*** Block opens ***

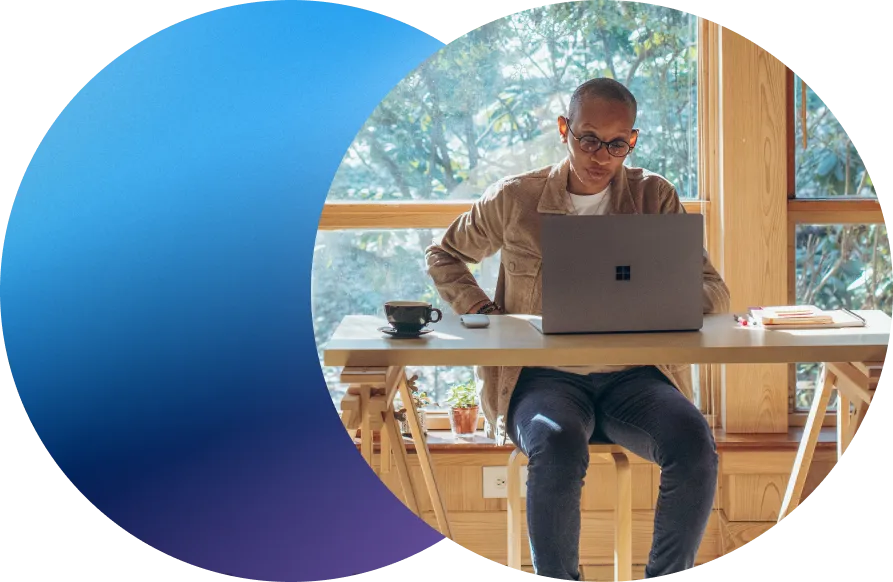 middle aged man with glasses on laptop managing domains while sitting at wooden desk by windows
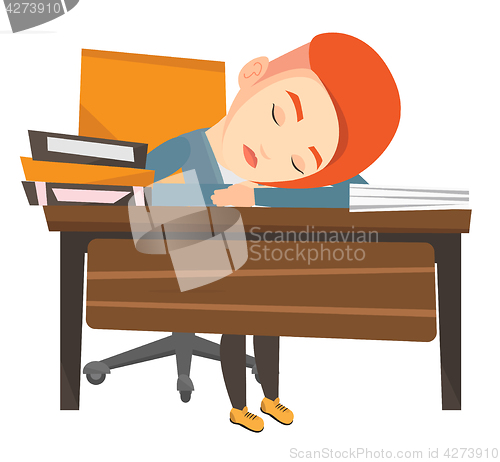 Image of Female student sleeping at the desk with book.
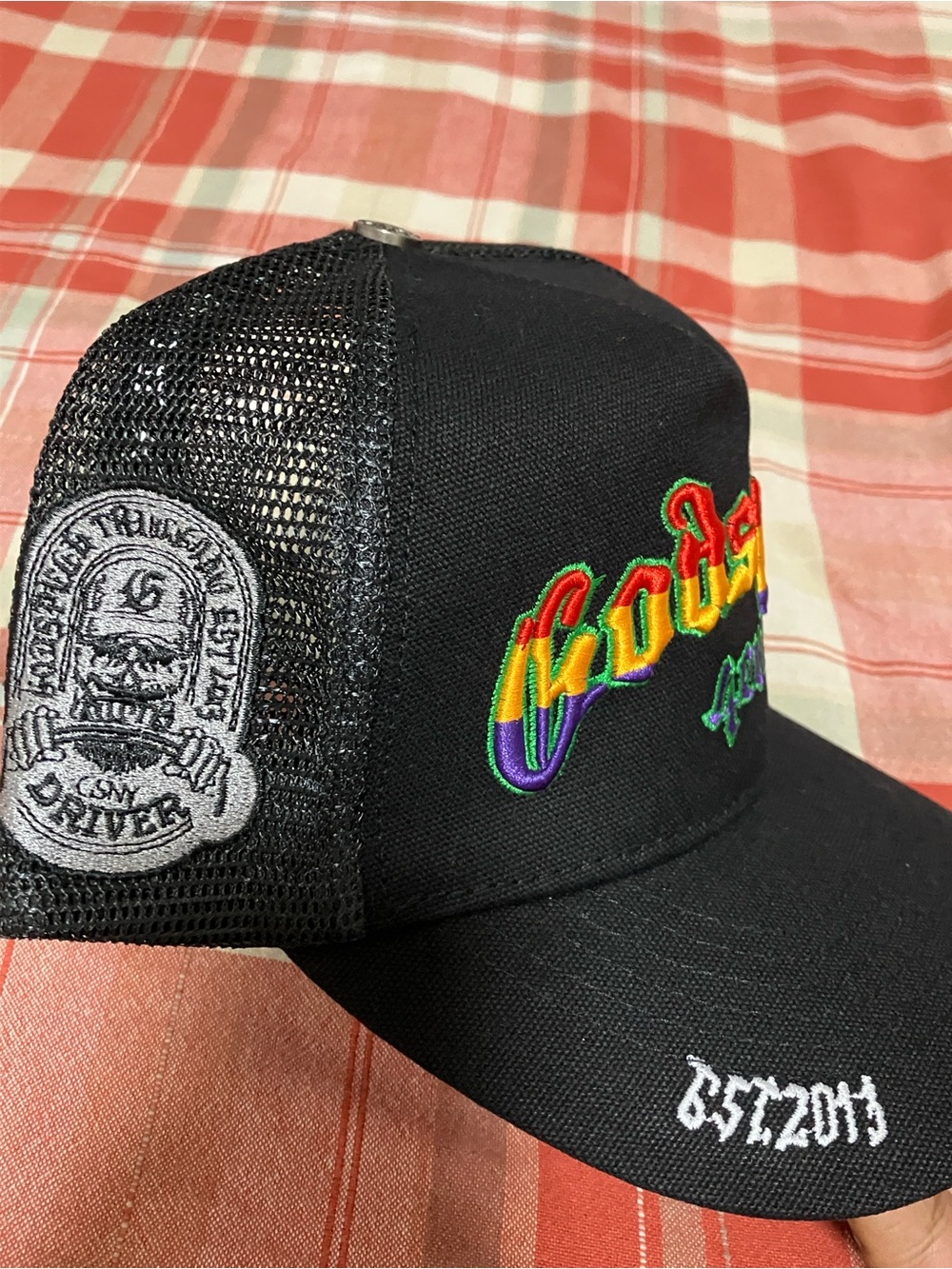 Love Black Mesh Trucker Hat with Rainbow Embroidered Logo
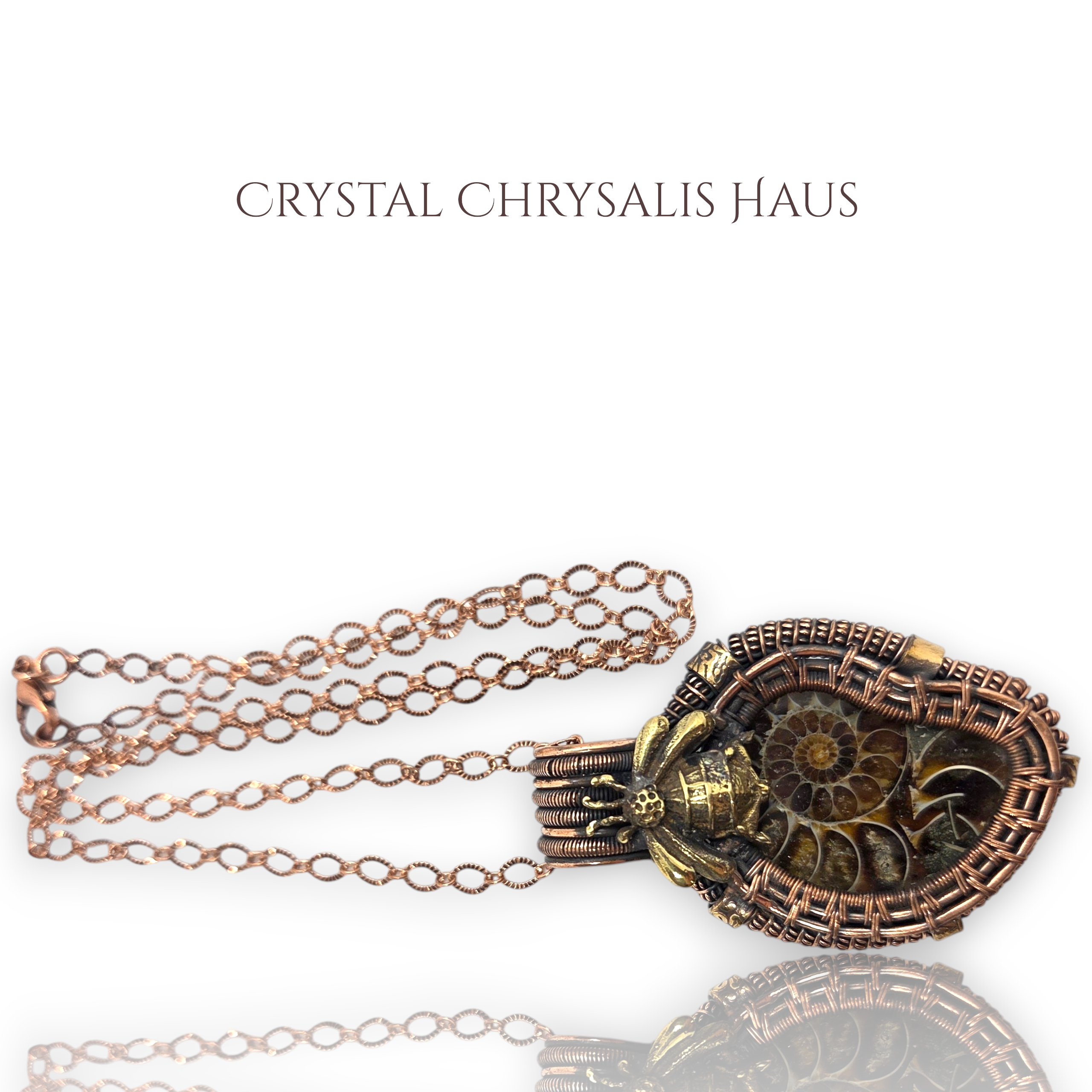 A steampunk-style ammolite pendant necklace with rose gold and bronze metalwork, featuring a detailed spiral ammolite center, a small skull accent, and a chain, shown on a white background with the brand name 'CRYSTAL CHRYsalis HAUS' above.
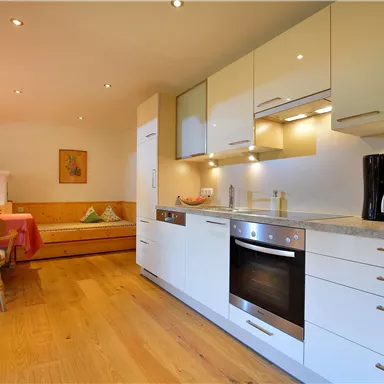 A modern kitchen with light cabinets and a stone countertop. In the background, there is a cozy dining area with a table and chairs.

*** Block closes ***

▶ _EXERCISE PROMPT_
Transcribe every entry above exactly as it stands, but skip the images.

▶ _REPLY_
 middle aged man with glasses on laptop managing domains while sitting at wooden desk by windows
 Image of Female student sleeping at the desk with book.
 Love Black Mesh Trucker Hat with Rainbow Embroidered Logo
 A steampunk-style ammolite pendant necklace with rose gold and bronze metalwork, featuring a detailed spiral ammolite center, a small skull accent, and a chain, shown on a white background with the brand name 'CRYSTAL CHRYsalis HAUS' above.
 A modern kitchen with light cabinets and a stone countertop. In the background, there is a cozy dining area with a table and chairs.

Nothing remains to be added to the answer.